Her neyse… Biz Davutoğlu Hükümeti'nin eylem planında yer alan icraat ve reformlarına genel çerçeveden bir bakalım.

Önce şunu tespit ve teslim edelim. “Vaatler”, bir siyasi taahhüttür. Taahhüdün tam ve zamanında yerine getirilmesi o siyasi iktidarın güvenirliğinin bir göstergesidir. AK Parti Hükümeti'nin genelde verdiği sözlerinde durduğu bilindiği için bu vaatlerin de yerine getirilmesini beklemek normal. Zira 1 Kasım genel seçimleri öncesinde bizzat Başbakan tarafından taahhüt edilmiş vaatler bunlar. 

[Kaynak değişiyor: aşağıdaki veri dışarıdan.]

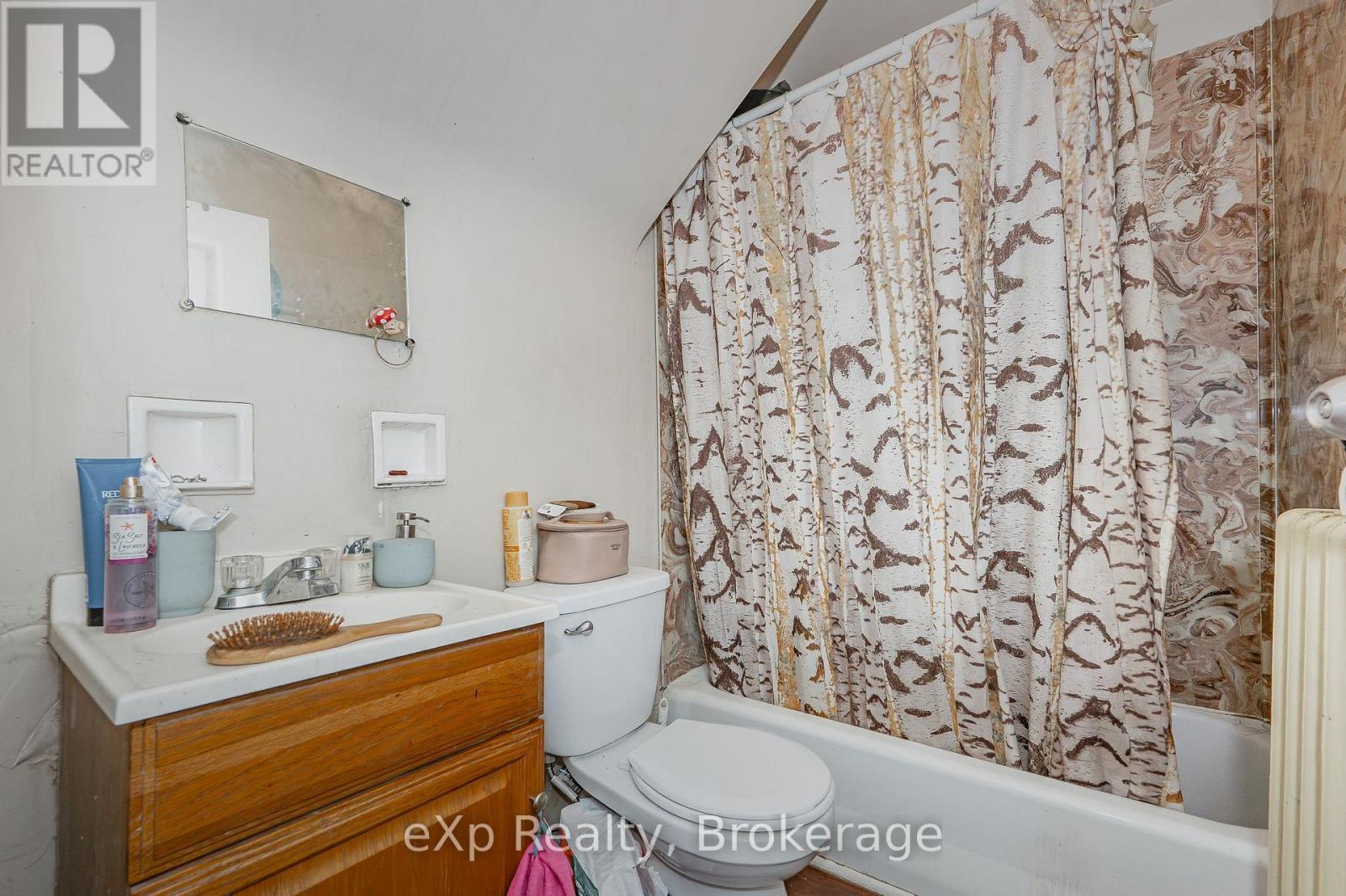 138 Chatham Street, Brantford, Ontario  N3S 4G4 - Photo 7 - X12217248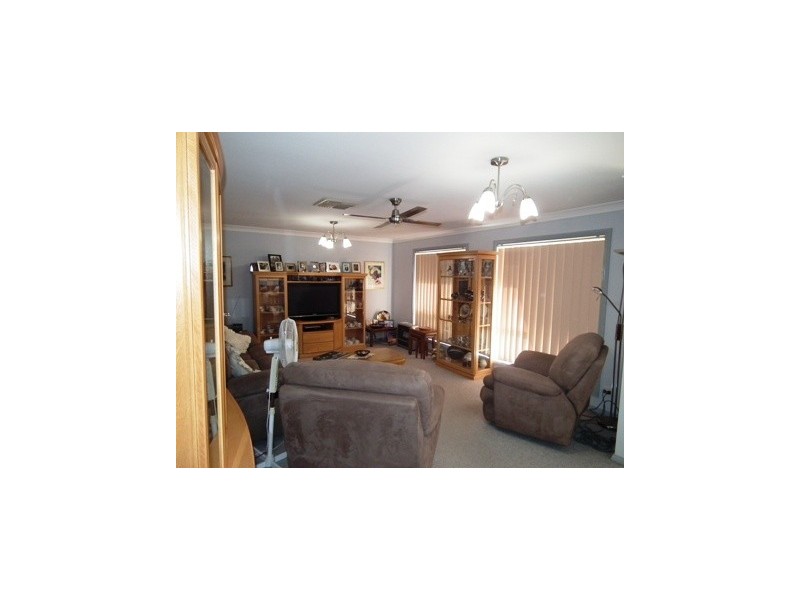 8 Russell Street, Parkes NSW 2870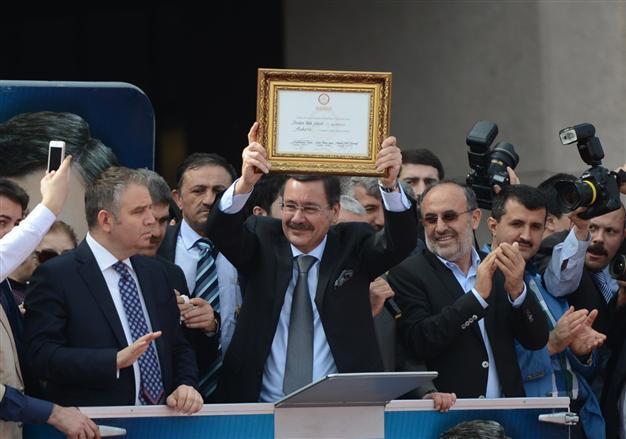Ankara mayor Gökçek begins new term, endorses Erdoğan presidency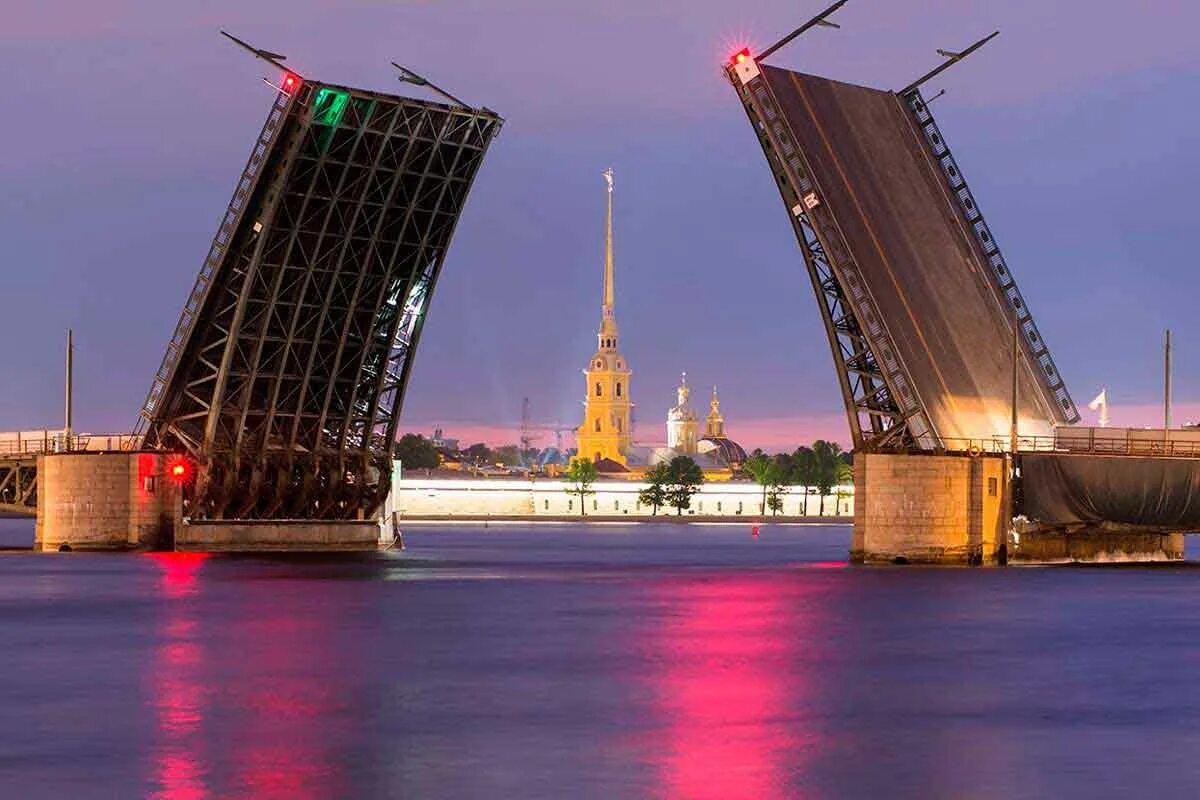 Чем наиболее известен санкт петербург. Санкт-Петербург. Достопримечательности Санкт-Петербурга Дворцовый мост. Дворцовый разводной мост в Санкт-Петербурге. Дворцовый мост мост.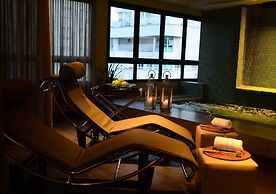 Estanplaza Funchal - Faria Lima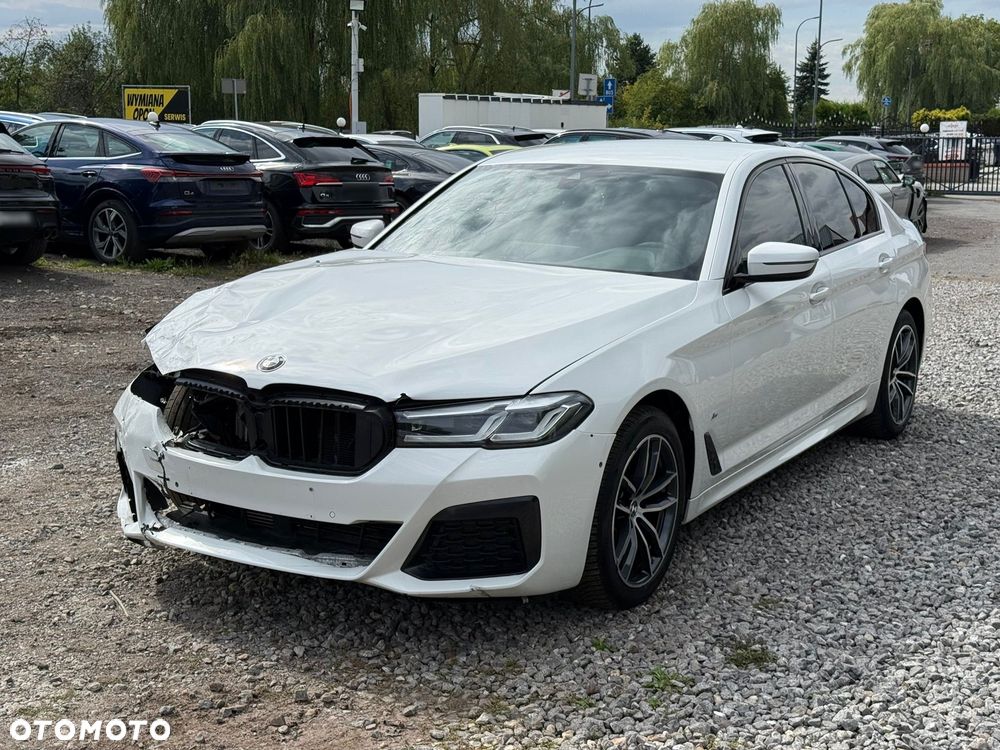 BMW Seria 5 520d xDrive MHEV M Sport sport - 4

Ki bu vaatlerin içerisinde çok da önemli siyasi tercihler var. Örneğin; 

- Asgari ücretin 1.300 liraya çıkarılması,

- İşçi ve Bağ-Kur emeklilerine yıllık ilave 1.200 lira verilmesi (aylık 100 lira),

- 30 bin öğretmen tayininin şubat ayında öngörülmesi,

- Öğrenci burslarının artırılması,

- Bedelli askerliğin 1.000 Euro’ya indirilmesi, 

- Özellikle muhtar aylıklarının 950 liradan 1.300 liraya yükseltilmesi,

- …

Yukarıda birkaç tanesi sayılan eylemlerin hepsi 3 aylık vaatler içerisinde yer alıyor. 

Aslında bu kapsamdaki eylemler 3 başlık altında toplanmış: Sosyal politika ve ekonomi, gençlik ve tarım. 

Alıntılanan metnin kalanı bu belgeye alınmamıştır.